Page:Reclus - L’Homme et la Terre, tome 1, Librairie Universelle, 1905.djvu/89

Le texte de cette page a été corrigé et est conforme au fac-similé.
71
pays de montagnes

De tous les habitants de l’Europe, les Suisses sont ceux que l’on rencontre, non pas en plus grand nombre, mais le plus méthodiquement distribués dans toutes les parties de la Terre. C’est que la conquête graduelle des industries itinérantes dans toutes les contrées vers lesquelles rayonnent leurs fleuves, Rhin, Rhône, Tessin, Danube, leur enseigna l’art de se distribuer les champs d’exploitation : nulle part la science de l’expatriation n’a été mieux comprise.

L’émigration partielle des montagnards pendant la saison des froidures a dû se produire de tout temps et finalement s’est régularisée avec un rythme partait ; les habitants des plaines inférieures, ainsi visitées périodiquement, se sont accoutumés à ces passages d’étrangers de la même manière qu’au vol des oiseaux migrateurs. Ils devaient les accueillir avec complaisance, puisque ces étrangers leur apportaient les produits de la montagne, choses utiles ou belles à voir, telles que cristaux, plantes précieuses, animaux rares, et qu’ils offraient aussi leur travail temporaire en échange du pain. La nécessité les avait ingéniés à se créer des métiers spéciaux : ils savaient se rendre indispensables, et, grâce à leurs services, passer de peuplade en peuplade sans être molestés. Récemment encore, avant que l’immigration européenne et la construction des chemins de fer eussent changé toute l’économie sociale de l’Amérique du Sud, la tribu bolivienne des Collahuaya, qui fait partie de la nation des Apolistas, dans les montagnes d’Apolobamba, envoyait tous ses adultes dans les contrées des alentours jusqu’à Lima, Valparaiso, Buenos-Aires, Rio-Janeiro même, pour y vendre des simples, des pierres aimantées, des remèdes. Les plus habiles, reconnaissables à leur grand crucifix, avaient une haute réputation comme médecins. Après des années de vie errante, ces Indios del Perù revenaient dans leur pays, portant avec jalousie leur lourde sacoche d’argent, parfois même poussant une caravane de mules chargées.

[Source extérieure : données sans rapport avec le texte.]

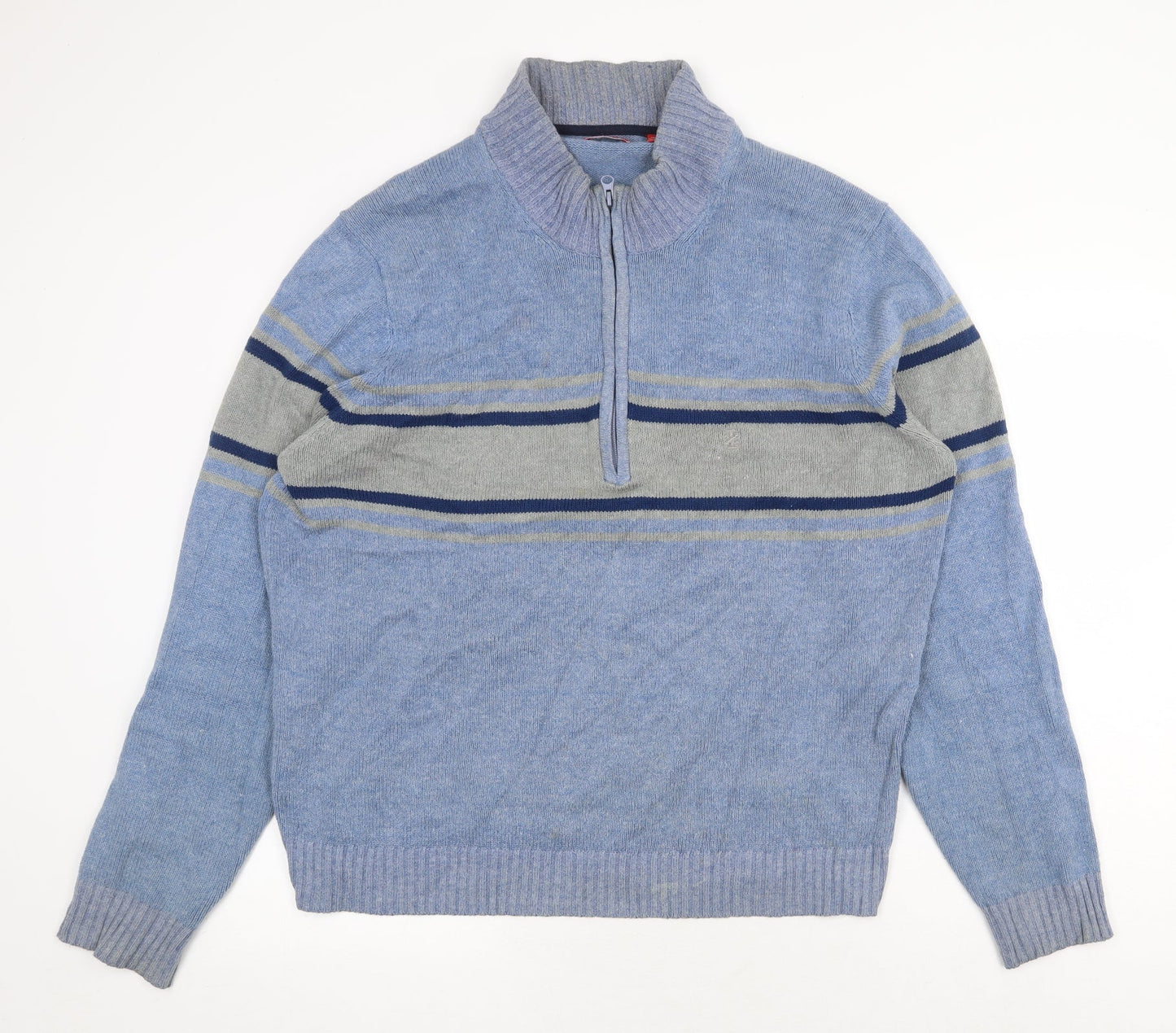 IZOD Mens Blue High Neck Striped Cotton Pullover Jumper Size L Long Sleeve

Ils reconnaissaient les enfants nés pendant leur absence et dressaient les jeunes garçons à continuer leur vie de gagne-petit[1].

Ignorant les rancunes locales, les marchands de la montagne qui parcouraient des pays en pleine guerre n’avaient à prendre parti ni pour les uns ni pour les autres ; cependant, toute industrie leur

  1. Lina Beck-Bernard ; Hugo Reck, Bollaert, etc.